Given that I started the GR process, and that I called for discussion and votes, I feel somehow as my duty to also put a simple wrap-around to this process. Of course, I'll say many things already well-known to my fellow Debian people, but also non-debianers read this.
So, for further context, if you need to, please read my previous blog post, where I was about to send a call for votes.
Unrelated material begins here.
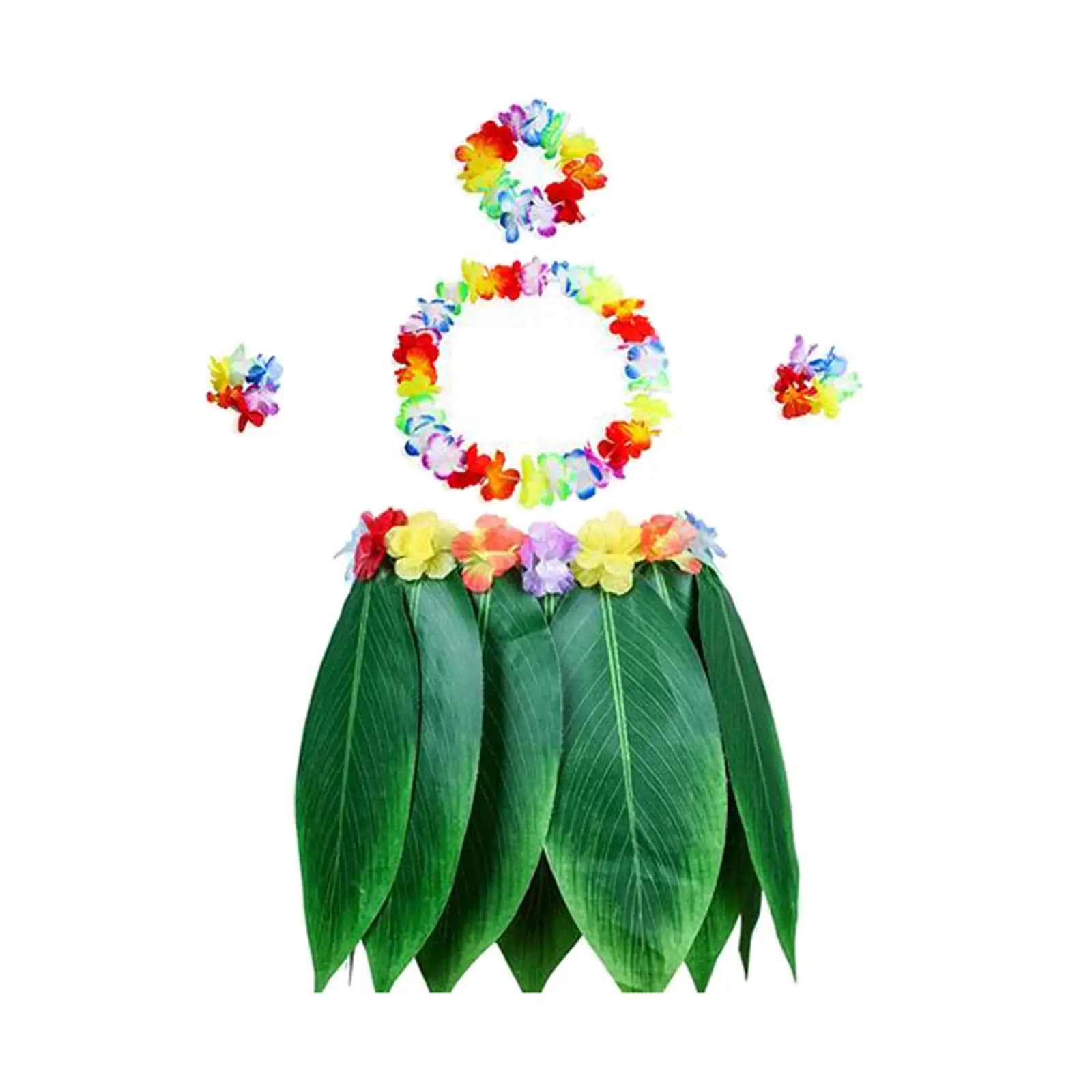 Women’s Green Hula Skirt Kit Plastic Leaf Costume Set Luau Party Supplies for Tropical Beach Events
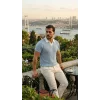 Erkek Desenli Kısa Kollu Triko Tişört - %100 Pamuk Akrilik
It summarizes the situation and proposals; you will find we had a nice set of messages in email@example.com during September; I have to thank all the involved parties, much specially to Ian Jackson, who spent a lot of energy summing up the situation and clarifying the different bits to everyone involved.
So, we held the vote; you can be interested in looking at the detailed vote statistics for the 235 correctly received votes, and most importantly, the results:
First of all, I'll say I'm actually surprised at the results, as I expected Ian's proposal (acknowledge difficulty; I actually voted this proposal as my top option) to win and mine (repeal previous GR) to be last; turns out, the winner option was Iain's (remain private). But all in all, I am happy with the results: As I said during the discussion, I was much disappointed with the results to the previous GR on this topic — And, yes, it seems the breaking point was when many people thought the privacy status of posted messages was in jeopardy; we cannot really compare what I would have liked to have in said vote if we had followed the strategy of leaving the original resolution text instead of replacing it, but I believe it would have passed. In fact, one more surprise of this iteration was that I expected Further Discussion to be ranked higher, somewhere between the three explicit options. I am happy, of course, we got such an overwhelming clarity of what does the project as a whole prefer.
And what was gained or lost with this whole excercise? Well, if nothing else, we gain to stop lying. For over ten years, we have had an accepted resolution binding us to release the messages sent to debian-private given such-and-such-conditions... But never got around to implement it. We now know that debian-private will remain private... But we should keep reminding ourselves to use the list as little as possible.
For a project such as Debian, which is often seen as a beacon of doing the right thing no matter what, I feel being explicit about not lying to ourselves of great importance. Yes, we have the principle of not hiding our problems, but it has long been argued that the use of this list is not hiding or problems. Private communication can happen whenever you have humans involved, even if administratively we tried to avoid it.
Any of the three running options could have won, and I'd be happy. My #1 didn't win, but my #2 did. And, I am sure, it's for the best of the project as a whole.